Friday, August 12, 2022

Falsehood in Isolation

Toward the end of my last post but one, I wrote that “at the most basic level pain and truth are one—we cannot help but be aware of our alienation from God, such alienation being both undeniable and acutely uncomfortable.”  I will add as well that, if we were not alienated from God, the very notion of “truth”—existing in its substance as a concept because there exists something called “falsehood”—would probably mean something different to us than it does now.  “Truth” means as much to us as it does because we are perpetually enmeshed in falsehood.

This is bound up with the essential reality I have tried to represent with “roused, readied, reaped.”  We are born into an existence of contrasts or conflicts among the elements of which we are aware.  We are born with needs—we know not why—into a universe of greater or lesser potential satisfaction of those needs—we know not why.  We can try to understand the elements of our existence, each in their isolation.  We can try to find out the truth of every such element.  None of this changes the fact that any conceit we have about understanding any such element is saturated with falsehood—any notion we have of any isolated element is ultimately unintelligible outside of the context of that element.

So we are born into a context of the contrasts or conflicts among the elements of which we are aware.  We are cut off from the seamless truths that might be afforded by communion with God.  This being the case, then the only way we can hope to have any understanding of our existence is through understanding how its elements interact.  Life hurries past us in motion.  We cannot see beginnings, or endings, or totalities.
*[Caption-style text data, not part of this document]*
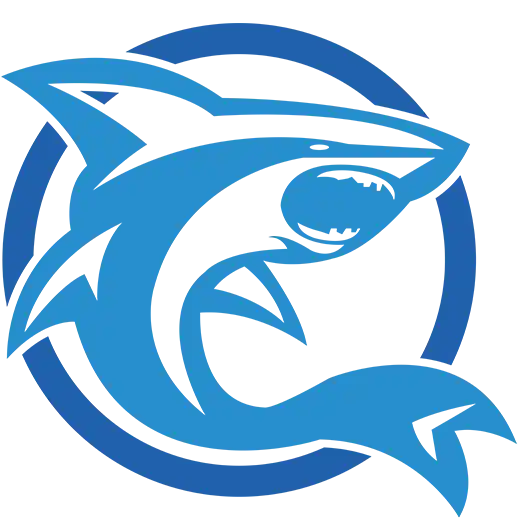 Lumină stilizată de delfin albastru într-o bordură circulară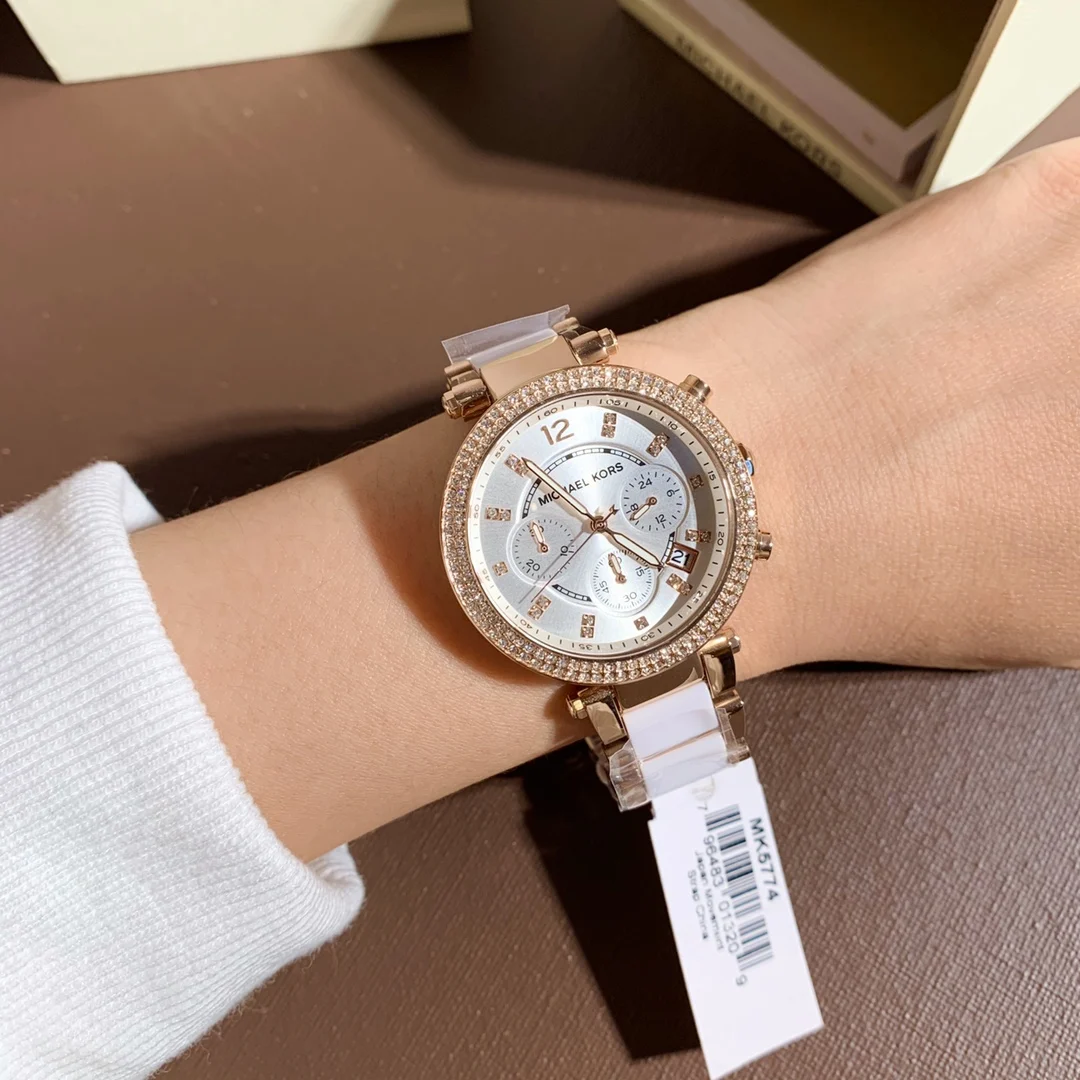 Женские роскошные дизайнерские часы Michael Kors Parker MK-5774, водонепроницаемые кварцевые часы с бриллиантами, модные наручные часы, подарок для подруги (art.: 3920db9fcfa16) - 3920db9fcfa16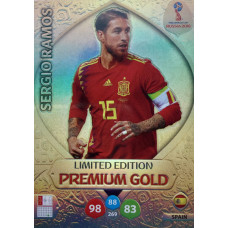 СЕРХИО РАМОС (Испания) Panini Adrenalyn XL FIFA World Cup 2018. Limited Edition Premium Gold.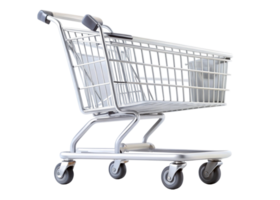 Isolated shopping cart on a Transparent Background showcasing a sleek and modern design for retail and ecommerce concepts png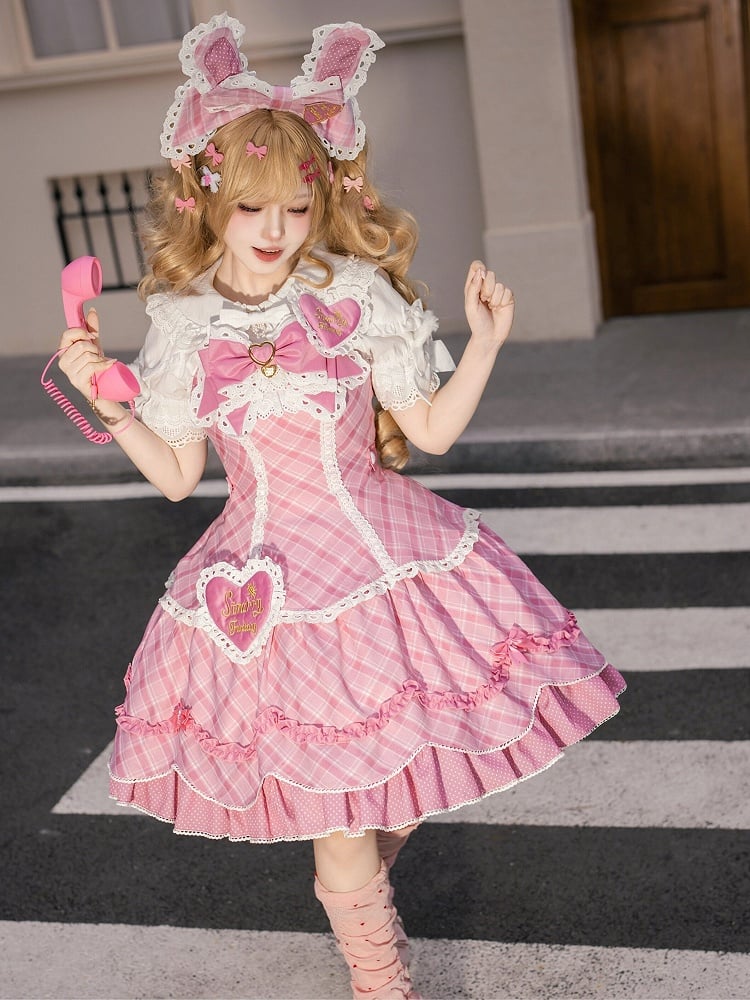 [pre-order Deadline: May 10] Blue/yellow/pink Sweetheart Lolita + Lace Ribbon Jks Dress + Bunny Ear Puff Sleeve Blouse + Bunny Ear Full Set + Cat Ear Full Set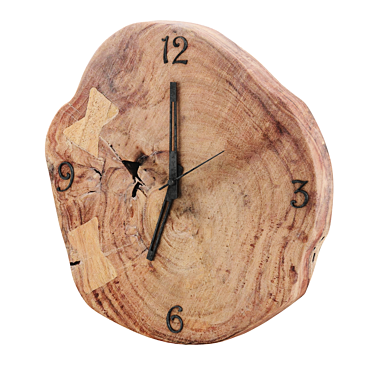 Asiriq Acacia Wood Clock 3D model image 1 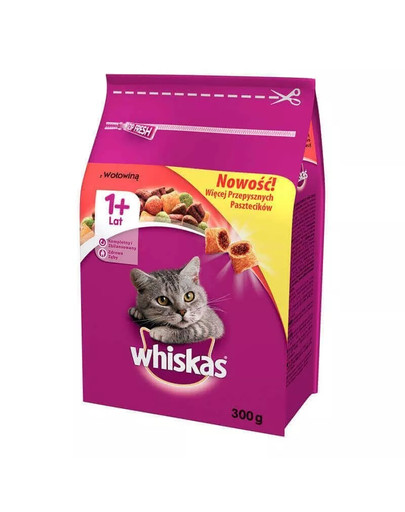 WHISKAS Dry hovězí mrkev 14 x 300 g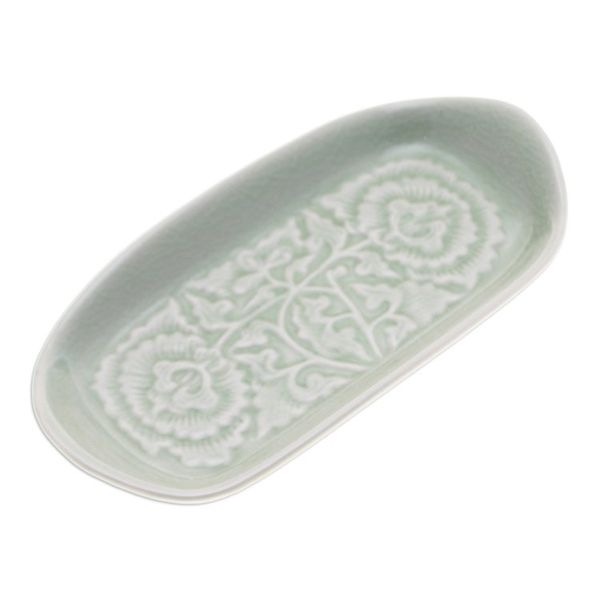 Alternate image for Green Handmade Celadon Ceramic Floral and Leaf Serving Dish Thai Blooms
None of this would seem to be all that profound, yet in the realm of religion there exists a stubborn tendency to act in practical denial of what I have described.  In a maddening way, we insist on acting like it is an act of piety to hinge our conceptions of existence on the presumptuous insistence that we can understand things being created from nothing or—which amounts to the same thing—things being created in un-relation to their contexts.  The gospels, however—despite their dealings with the mysteries of God’s creations—rely most heavily on describing things in relation to other things.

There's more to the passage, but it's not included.